US says 'strongly' supports efforts for Lebanon-Israel border agreement


The United States has said that it “strongly” supports any efforts aimed at securing an agreement between Lebanon and Israel over the demarcation of their sea border, following tensions sparked by the arrival of a gas ship in the Karish offshore field.

“I don’t have any travel to announce or to preview at this time, but as you’ve heard from us before, the Israel-Lebanon maritime border, that’s a decision for both Israel and Lebanon to make,” U.S. State Department spokesman Ned Price said on Monday, when asked whether U.S. mediator Amos Hochstein intends to visit Lebanon and Israel.

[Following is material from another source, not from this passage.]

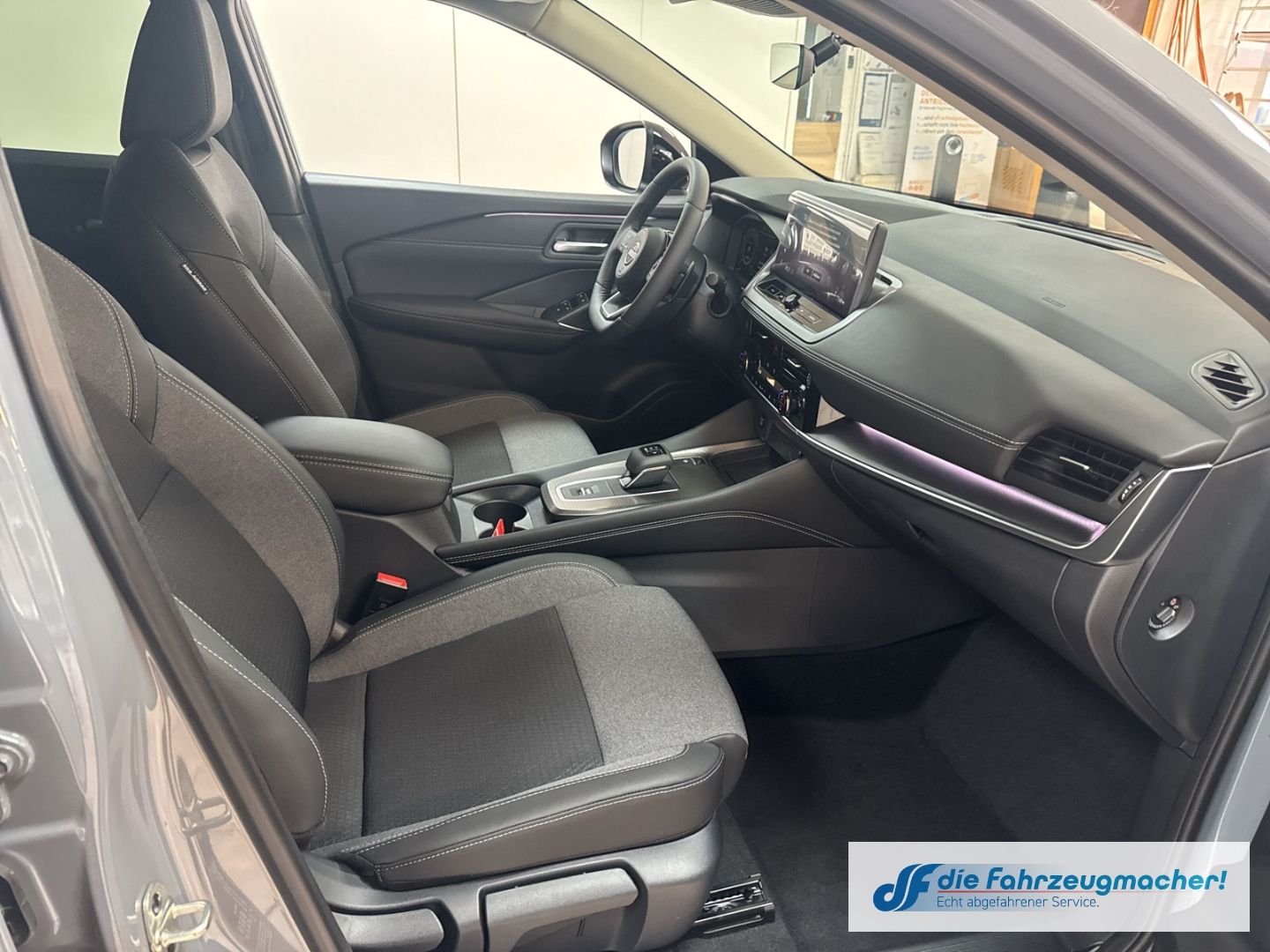 Fahrzeugabbildung Nissan Qashqai N-Connecta Navi 360 Kamera LED Apple Car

Parliament Speaker Nabih Berri announced Tuesday that Hochstein does intend to visit Beirut on “Sunday or Monday.”

“We believe that a deal is possible if both sides negotiate in good faith and realize the benefit to both countries. To that end, we do strongly support efforts to reach a mutually beneficial agreement,” Price said during Monday’s press briefing.

Lebanon on Monday invited Hochstein to return to Beirut as soon as possible to work out an agreement amid rising tensions along the border, after reports said that a gas production ship had crossed the so-called Line 29, which is disputed by Lebanon.

Israel says the Karish field is part of its U.N.-recognized exclusive economic zone. Lebanon insists it is in a disputed area.

The U.S.-mediated indirect talks between Lebanon and Israel have been stalled for months amid disagreement within Lebanon over how big the disputed area is.

Hizbullah had previously warned it would use its weapons to protect Lebanon's economic rights.

On Sunday, Lebanon warned Israel not to start drilling in the Karish field and President Michel Aoun said maritime border negotiations have not ended, adding that any move by Israel will be considered "a provocation and hostile act."